Reputation: 227
Consider below table
Table
ActivityId Flag Type
---------- ----- -----
1 N
2 N
3 Y EXT
4 Y
5 Y
6 N
7 Y INT
8 Y
9 N
10 N
11 N
12 Y EXT
13 N
14 N
15 N
16 Y EXT
17 Y
18 Y INT
19 Y
20 Y EXT
21 Y
22 N
23 N
First record has always Flag = N
and then any sequence of Flag = Y
or Flag = N
can exist for next records.
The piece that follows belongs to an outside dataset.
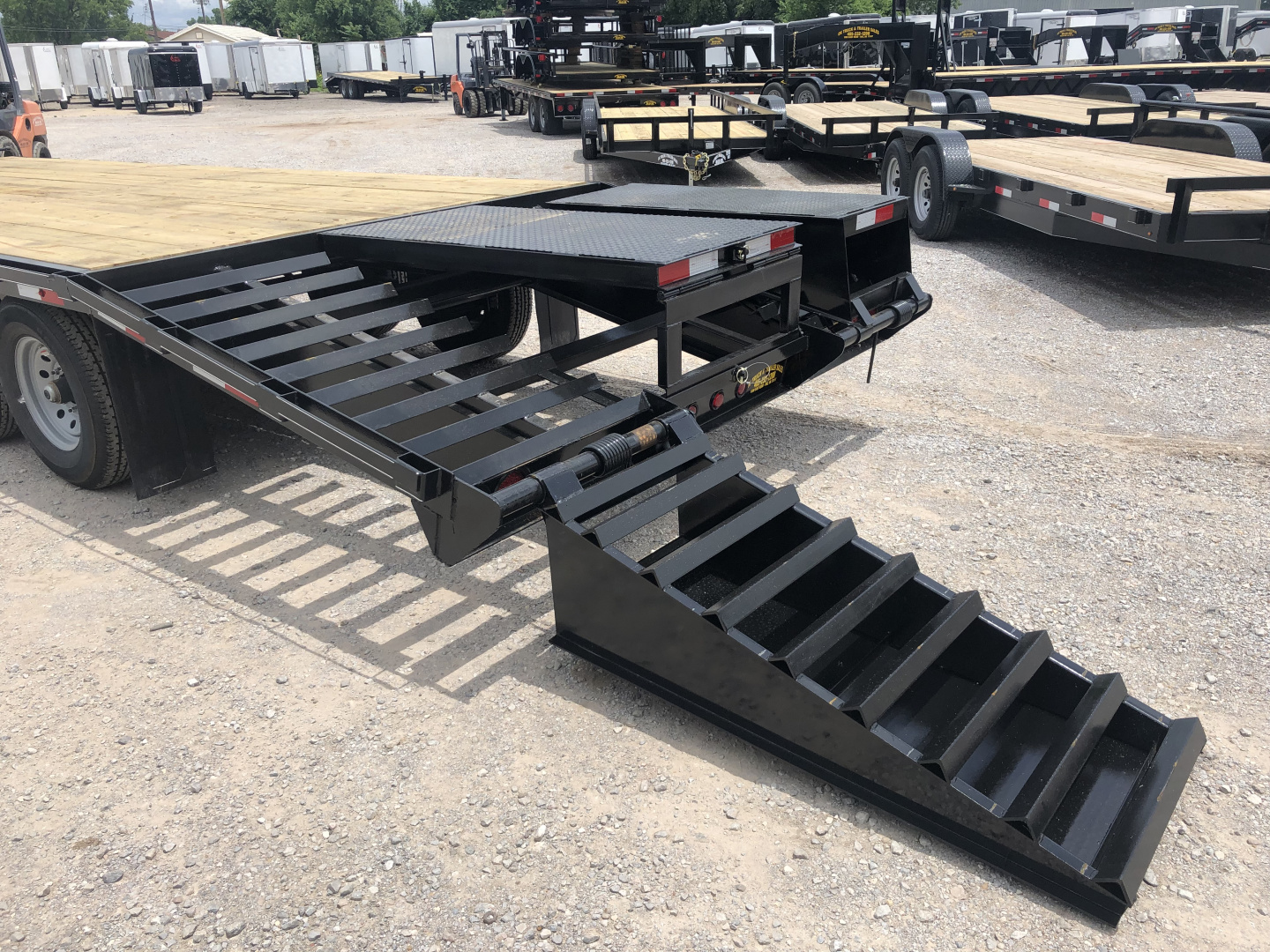 New 2026 Road Boss 32'Tandem Dual Gooseneck with COMBO dove tail Equipment Trailer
Every time flag changes from N
to Y
, the Type
field is either EXT
or INT
. Next Y
records (before next N
) might have Type = EXT
or INT
or NULL and this is not important.
I want to calculate Cycle No
for this sequence of N/Y
. First cycle starts when Flag = N
(always first record has flag = N
) and cycle ends when flag changes to Y
and Type = EXT
. Then, next cycle starts when flag changes to N
and ends when flag becomes Y
and type = EXT
. this is repeated until all records are processed. The result for above table is:
Result
ActivityId Flag Type Cycle No
---------- ----- ----- --------
1 N 1
2 N 1
3 Y EXT 1
4 Y
5 Y
6 N 2
7 Y INT 2
8 Y 2
9 N 2
10 N 2
11 N 2
12 Y EXT 2
13 N 3
14 N 3
15 N 3
16 Y EXT 3
17 Y
18 Y INT
19 Y
20 Y EXT
21 Y
22 N 4
23 N 4
I am using SQL Server 2008 R2 (no LAG
/LEAD
).
Can you please help me find the SQL query to calculate Cycle No
?
Upvotes: 3
Views: 468
Reputation: 12243
If you are happy with recursion, this can be achieved rather simply with a bit of comparison logic to the preceding row when ordered by your ActivityId
:
declare @t table(ActivityId int,Flag nvarchar(1),TypeValue nvarchar(3));
insert into @t values(1 ,'N',null),(2 ,'N',null),(3 ,'Y','EXT'),(4 ,'Y',null),(5 ,'Y',null),(6 ,'N',null),(7 ,'Y','INT'),(8 ,'Y',null),(9 ,'N',null),(10,'N',null),(11,'N',null),(12,'Y','EXT'),(13,'N',null),(14,'N',null),(15,'N',null),(16,'Y','EXT'),(17,'Y',null),(18,'Y','INT'),(19,'Y',null),(20,'Y','EXT'),(21,'Y',null),(22,'N',null),(23,'N',null);
with rn as -- Derived table purely to guarantee incremental row number. If you can guarantee your ActivityId values are incremental start to finish, this isn't required.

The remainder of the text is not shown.